(SUPPLIED DATA)
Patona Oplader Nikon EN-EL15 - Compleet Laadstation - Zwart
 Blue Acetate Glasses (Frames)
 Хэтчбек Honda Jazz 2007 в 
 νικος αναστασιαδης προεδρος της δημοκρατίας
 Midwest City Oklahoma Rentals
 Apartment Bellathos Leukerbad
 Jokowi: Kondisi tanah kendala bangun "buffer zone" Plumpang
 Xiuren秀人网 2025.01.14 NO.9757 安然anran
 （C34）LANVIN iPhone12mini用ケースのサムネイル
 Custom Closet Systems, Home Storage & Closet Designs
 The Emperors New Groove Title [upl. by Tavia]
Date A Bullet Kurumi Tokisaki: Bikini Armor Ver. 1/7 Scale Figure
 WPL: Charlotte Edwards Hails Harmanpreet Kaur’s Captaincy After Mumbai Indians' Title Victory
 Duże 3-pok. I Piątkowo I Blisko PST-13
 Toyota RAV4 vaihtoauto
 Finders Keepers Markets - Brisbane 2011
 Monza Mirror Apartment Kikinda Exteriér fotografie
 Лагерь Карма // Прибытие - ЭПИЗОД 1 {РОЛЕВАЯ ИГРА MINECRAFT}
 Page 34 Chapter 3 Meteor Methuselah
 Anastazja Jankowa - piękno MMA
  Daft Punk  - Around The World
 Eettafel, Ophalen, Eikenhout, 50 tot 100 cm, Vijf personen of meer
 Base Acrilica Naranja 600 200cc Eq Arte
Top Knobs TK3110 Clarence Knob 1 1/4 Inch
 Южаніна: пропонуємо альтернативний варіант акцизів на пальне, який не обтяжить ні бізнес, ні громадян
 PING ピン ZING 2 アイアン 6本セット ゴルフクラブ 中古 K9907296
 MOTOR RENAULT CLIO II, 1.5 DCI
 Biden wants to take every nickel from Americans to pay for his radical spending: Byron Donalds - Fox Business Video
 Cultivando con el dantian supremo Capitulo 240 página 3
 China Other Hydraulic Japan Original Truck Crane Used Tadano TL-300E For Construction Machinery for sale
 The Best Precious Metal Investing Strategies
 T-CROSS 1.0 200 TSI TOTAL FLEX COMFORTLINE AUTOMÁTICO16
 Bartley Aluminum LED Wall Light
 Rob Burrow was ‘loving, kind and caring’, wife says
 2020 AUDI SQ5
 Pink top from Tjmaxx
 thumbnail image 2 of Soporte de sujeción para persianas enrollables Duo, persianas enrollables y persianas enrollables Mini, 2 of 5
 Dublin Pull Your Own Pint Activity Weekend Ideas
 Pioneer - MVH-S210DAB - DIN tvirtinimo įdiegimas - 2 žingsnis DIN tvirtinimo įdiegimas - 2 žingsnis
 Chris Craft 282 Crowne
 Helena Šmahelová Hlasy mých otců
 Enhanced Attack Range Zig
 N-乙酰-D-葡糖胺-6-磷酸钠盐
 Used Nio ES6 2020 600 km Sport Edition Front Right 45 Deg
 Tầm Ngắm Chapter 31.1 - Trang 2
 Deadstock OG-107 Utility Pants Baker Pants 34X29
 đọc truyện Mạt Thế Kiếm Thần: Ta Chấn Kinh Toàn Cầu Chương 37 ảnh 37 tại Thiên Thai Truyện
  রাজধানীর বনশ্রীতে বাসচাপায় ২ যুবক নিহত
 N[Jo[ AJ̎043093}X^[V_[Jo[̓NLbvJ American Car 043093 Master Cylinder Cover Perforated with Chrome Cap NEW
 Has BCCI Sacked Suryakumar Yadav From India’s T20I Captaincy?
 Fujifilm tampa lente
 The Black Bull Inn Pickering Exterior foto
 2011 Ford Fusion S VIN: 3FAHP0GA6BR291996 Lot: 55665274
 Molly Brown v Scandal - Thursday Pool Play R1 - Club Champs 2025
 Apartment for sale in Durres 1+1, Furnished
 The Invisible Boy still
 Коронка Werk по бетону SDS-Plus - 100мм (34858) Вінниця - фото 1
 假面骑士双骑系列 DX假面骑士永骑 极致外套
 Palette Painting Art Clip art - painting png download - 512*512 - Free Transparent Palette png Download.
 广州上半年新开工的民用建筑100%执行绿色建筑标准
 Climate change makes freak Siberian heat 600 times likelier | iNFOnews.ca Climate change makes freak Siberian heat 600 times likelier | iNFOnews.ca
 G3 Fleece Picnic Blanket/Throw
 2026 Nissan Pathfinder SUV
(End SUPPLIED DATA)
The records above are to be copied out exactly, line for line.

Patona Oplader Nikon EN-EL15 - Compleet Laadstation - Zwart
 Blue Acetate Glasses (Frames)
 Хэтчбек Honda Jazz 2007 в 
 νικος αναστασιαδης προεδρος της δημοκρατίας
 Midwest City Oklahoma Rentals
 Apartment Bellathos Leukerbad
 Jokowi: Kondisi tanah kendala bangun "buffer zone" Plumpang
 Xiuren秀人网 2025.01.14 NO.9757 安然anran
 （C34）LANVIN iPhone12mini用ケースのサムネイル
 Custom Closet Systems, Home Storage & Closet Designs
 The Emperors New Groove Title [upl. by Tavia]
Date A Bullet Kurumi Tokisaki: Bikini Armor Ver. 1/7 Scale Figure
 WPL: Charlotte Edwards Hails Harmanpreet Kaur’s Captaincy After Mumbai Indians' Title Victory
 Duże 3-pok. I Piątkowo I Blisko PST-13
 Toyota RAV4 vaihtoauto
 Finders Keepers Markets - Brisbane 2011
 Monza Mirror Apartment Kikinda Exteriér fotografie
 Лагерь Карма // Прибытие - ЭПИЗОД 1 {РОЛЕВАЯ ИГРА MINECRAFT}
 Page 34 Chapter 3 Meteor Methuselah
 Anastazja Jankowa - piękno MMA
  Daft Punk  - Around The World
 Eettafel, Ophalen, Eikenhout, 50 tot 100 cm, Vijf personen of meer
 Base Acrilica Naranja 600 200cc Eq Arte
Top Knobs TK3110 Clarence Knob 1 1/4 Inch
 Южаніна: пропонуємо альтернативний варіант акцизів на пальне, який не обтяжить ні бізнес, ні громадян
 PING ピン ZING 2 アイアン 6本セット ゴルフクラブ 中古 K9907296
 MOTOR RENAULT CLIO II, 1.5 DCI
 Biden wants to take every nickel from Americans to pay for his radical spending: Byron Donalds - Fox Business Video
 Cultivando con el dantian supremo Capitulo 240 página 3
 China Other Hydraulic Japan Original Truck Crane Used Tadano TL-300E For Construction Machinery for sale
 The Best Precious Metal Investing Strategies
 T-CROSS 1.0 200 TSI TOTAL FLEX COMFORTLINE AUTOMÁTICO16
 Bartley Aluminum LED Wall Light
 Rob Burrow was ‘loving, kind and caring’, wife says
 2020 AUDI SQ5
 Pink top from Tjmaxx
 thumbnail image 2 of Soporte de sujeción para persianas enrollables Duo, persianas enrollables y persianas enrollables Mini, 2 of 5
 Dublin Pull Your Own Pint Activity Weekend Ideas
 Pioneer - MVH-S210DAB - DIN tvirtinimo įdiegimas - 2 žingsnis DIN tvirtinimo įdiegimas - 2 žingsnis
 Chris Craft 282 Crowne
 Helena Šmahelová Hlasy mých otců
 Enhanced Attack Range Zig
 N-乙酰-D-葡糖胺-6-磷酸钠盐
 Used Nio ES6 2020 600 km Sport Edition Front Right 45 Deg
 Tầm Ngắm Chapter 31.1 - Trang 2
 Deadstock OG-107 Utility Pants Baker Pants 34X29
 đọc truyện Mạt Thế Kiếm Thần: Ta Chấn Kinh Toàn Cầu Chương 37 ảnh 37 tại Thiên Thai Truyện
  রাজধানীর বনশ্রীতে বাসচাপায় ২ যুবক নিহত
 N[Jo[ AJ̎043093}X^[V_[Jo[̓NLbvJ American Car 043093 Master Cylinder Cover Perforated with Chrome Cap NEW
 Has BCCI Sacked Suryakumar Yadav From India’s T20I Captaincy?
 Fujifilm tampa lente
 The Black Bull Inn Pickering Exterior foto
 2011 Ford Fusion S VIN: 3FAHP0GA6BR291996 Lot: 55665274
 Molly Brown v Scandal - Thursday Pool Play R1 - Club Champs 2025
 Apartment for sale in Durres 1+1, Furnished
 The Invisible Boy still
 Коронка Werk по бетону SDS-Plus - 100мм (34858) Вінниця - фото 1
 假面骑士双骑系列 DX假面骑士永骑 极致外套
 Palette Painting Art Clip art - painting png download - 512*512 - Free Transparent Palette png Download.
 广州上半年新开工的民用建筑100%执行绿色建筑标准
 Climate change makes freak Siberian heat 600 times likelier | iNFOnews.ca Climate change makes freak Siberian heat 600 times likelier | iNFOnews.ca
 G3 Fleece Picnic Blanket/Throw
 2026 Nissan Pathfinder SUV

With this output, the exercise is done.